Note that this is true for HTTP/1; HTTP/2 is on the rise and is not covered here

The content of a HTTP Request includes

Request line
- the method of a request: GET, HEAD, POST, PUT, DELETE
- the requested URL endpoint e.g. "/index.html"
- the HTTP version we are using e.g. 1.1
Headers
- the referrer - what caused the page to be requested
- the User-Agent - the client software used eg Chrome or Firefox

HTTP Response

Note that this is true for HTTP/1; HTTP/2 is on the rise and is not covered here

The content of a HTTP Response includes

Status line
- the HTTP version we are using e.g. 1.1
- the response code eg 100, 200 OK, 300, 301, 404, 500
Other Headers
- Location (for redirecting)
- Server (for server software)
- Allow (for HTTP methods allowed)
- Content-Encoding (eg is it compressed)
- Content-Length (in bytes)
- Expires (for caching)
- Last-modified

HTTP/2

HTTP/2 doesn't use newline separated requests and responses, and instead splits data into smaller messages and frames. It also allows new features like pseudo-header fields (:path, :authority, etc) and ALPN protocol identifiers. It is out of scope for this article but Google Web Fundamentals and HPBN have good resources alongside Wikipedia.

Caching

To improve web performance, we cache things so that we don't have to make so many hops through to the origin server every time we need something we fetch very often. We can cache things in various places:

in the browser (aka "locally")
in the network (your ISP, or CDNs)

Caching in the network (say by your ISP) can in particular benefit if multiple clients (aka users) all request the same thing, which makes loading faster and also saves money for the ISP because it doesnt have to route through other expensive links to reach the origin.
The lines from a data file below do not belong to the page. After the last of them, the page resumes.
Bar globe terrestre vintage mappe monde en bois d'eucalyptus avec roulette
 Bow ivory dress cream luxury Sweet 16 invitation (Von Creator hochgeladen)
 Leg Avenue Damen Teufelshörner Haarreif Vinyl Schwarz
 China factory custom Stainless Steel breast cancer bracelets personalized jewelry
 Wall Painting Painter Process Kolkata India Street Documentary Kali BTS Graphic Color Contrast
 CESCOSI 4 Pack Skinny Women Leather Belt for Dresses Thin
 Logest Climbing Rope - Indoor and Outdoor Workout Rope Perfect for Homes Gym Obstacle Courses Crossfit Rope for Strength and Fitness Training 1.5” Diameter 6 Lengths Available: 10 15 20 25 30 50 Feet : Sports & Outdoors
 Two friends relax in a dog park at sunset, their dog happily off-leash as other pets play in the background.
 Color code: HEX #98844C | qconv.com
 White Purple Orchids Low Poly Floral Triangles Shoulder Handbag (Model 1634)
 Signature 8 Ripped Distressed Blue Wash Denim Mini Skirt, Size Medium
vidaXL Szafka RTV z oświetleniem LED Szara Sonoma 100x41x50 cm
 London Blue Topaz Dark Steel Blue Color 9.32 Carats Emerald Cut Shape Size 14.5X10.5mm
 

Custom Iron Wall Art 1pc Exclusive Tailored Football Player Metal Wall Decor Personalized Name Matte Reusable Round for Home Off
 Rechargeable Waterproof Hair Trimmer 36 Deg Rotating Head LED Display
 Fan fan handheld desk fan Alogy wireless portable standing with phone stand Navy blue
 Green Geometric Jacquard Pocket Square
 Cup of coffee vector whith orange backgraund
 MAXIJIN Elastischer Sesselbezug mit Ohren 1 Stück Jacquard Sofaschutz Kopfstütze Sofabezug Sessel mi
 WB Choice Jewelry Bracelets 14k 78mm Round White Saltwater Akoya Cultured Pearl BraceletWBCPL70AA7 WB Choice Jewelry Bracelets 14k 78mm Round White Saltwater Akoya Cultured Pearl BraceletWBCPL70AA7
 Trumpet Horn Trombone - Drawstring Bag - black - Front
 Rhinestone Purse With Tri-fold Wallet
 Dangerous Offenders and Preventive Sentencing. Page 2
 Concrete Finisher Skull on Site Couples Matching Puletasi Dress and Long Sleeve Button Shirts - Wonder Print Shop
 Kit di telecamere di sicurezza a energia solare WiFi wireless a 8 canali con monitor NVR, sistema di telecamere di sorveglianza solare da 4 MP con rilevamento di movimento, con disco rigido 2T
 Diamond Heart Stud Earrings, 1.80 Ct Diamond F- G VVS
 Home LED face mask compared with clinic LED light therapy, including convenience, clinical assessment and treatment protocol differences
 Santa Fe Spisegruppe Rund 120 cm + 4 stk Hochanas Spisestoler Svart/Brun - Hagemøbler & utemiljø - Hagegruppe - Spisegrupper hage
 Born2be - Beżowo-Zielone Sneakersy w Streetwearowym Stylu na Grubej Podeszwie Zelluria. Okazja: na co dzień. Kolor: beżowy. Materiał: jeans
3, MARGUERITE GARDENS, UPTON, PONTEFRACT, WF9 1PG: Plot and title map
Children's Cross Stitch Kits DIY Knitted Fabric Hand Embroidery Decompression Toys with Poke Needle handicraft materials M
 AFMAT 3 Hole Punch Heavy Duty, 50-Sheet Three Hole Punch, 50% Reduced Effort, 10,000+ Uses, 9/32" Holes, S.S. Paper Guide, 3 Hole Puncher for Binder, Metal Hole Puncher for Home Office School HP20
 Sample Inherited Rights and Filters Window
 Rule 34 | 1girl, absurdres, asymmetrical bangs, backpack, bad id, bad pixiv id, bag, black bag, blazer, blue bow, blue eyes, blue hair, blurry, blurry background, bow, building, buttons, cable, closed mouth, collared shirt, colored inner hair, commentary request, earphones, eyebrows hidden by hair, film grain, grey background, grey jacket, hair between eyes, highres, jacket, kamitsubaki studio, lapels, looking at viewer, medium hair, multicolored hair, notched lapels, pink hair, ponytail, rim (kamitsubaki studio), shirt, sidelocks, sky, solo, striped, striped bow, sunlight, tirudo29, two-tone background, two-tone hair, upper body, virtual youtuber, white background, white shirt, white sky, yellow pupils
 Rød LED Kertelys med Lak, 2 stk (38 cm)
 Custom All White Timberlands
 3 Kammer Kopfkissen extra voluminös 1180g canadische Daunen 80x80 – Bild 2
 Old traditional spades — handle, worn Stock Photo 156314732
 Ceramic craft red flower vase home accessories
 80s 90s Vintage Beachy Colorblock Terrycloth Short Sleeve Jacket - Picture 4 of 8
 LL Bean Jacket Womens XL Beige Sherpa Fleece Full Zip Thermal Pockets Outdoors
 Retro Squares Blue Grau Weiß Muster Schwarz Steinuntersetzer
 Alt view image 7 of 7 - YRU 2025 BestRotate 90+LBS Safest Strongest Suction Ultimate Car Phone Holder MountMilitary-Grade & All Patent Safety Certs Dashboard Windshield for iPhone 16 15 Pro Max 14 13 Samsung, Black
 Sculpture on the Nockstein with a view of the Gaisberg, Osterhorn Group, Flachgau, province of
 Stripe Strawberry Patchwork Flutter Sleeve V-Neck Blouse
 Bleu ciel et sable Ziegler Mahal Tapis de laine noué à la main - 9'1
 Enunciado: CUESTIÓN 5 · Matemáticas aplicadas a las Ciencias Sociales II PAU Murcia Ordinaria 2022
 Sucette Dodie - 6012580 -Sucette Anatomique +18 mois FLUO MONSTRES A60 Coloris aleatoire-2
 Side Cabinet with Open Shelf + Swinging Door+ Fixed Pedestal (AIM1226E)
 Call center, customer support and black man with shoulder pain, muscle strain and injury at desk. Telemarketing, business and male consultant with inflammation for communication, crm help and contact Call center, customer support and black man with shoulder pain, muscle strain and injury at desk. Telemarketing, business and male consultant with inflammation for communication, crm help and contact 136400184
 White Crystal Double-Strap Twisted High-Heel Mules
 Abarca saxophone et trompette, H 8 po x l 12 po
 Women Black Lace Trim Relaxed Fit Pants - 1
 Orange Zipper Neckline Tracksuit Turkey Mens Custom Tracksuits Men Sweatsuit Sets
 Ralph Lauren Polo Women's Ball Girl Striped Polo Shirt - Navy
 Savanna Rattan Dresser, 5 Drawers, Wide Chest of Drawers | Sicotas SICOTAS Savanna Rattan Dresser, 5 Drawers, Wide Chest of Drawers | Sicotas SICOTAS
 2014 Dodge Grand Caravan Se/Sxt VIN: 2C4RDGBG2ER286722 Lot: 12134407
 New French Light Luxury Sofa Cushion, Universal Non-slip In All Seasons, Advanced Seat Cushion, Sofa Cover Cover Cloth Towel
Caches periodically expire content based on the expire setter and check back with the origin. If nothing has been modified, the origin server sends back a 304 Not Modified response.

The decision of where to cache is done in two ways:

Explicit browser configuration to point to a local cache
Server directed - the origin server might point direct you to a cache. This is done with a special reply to a DNS request

(Web) CDNs

**What is A CDN?

CDNs are an overlay network of web caches designed to deliver content to the client from the optimal (usually geographically closest) location.
Distinct, geographically disparate servers close to users.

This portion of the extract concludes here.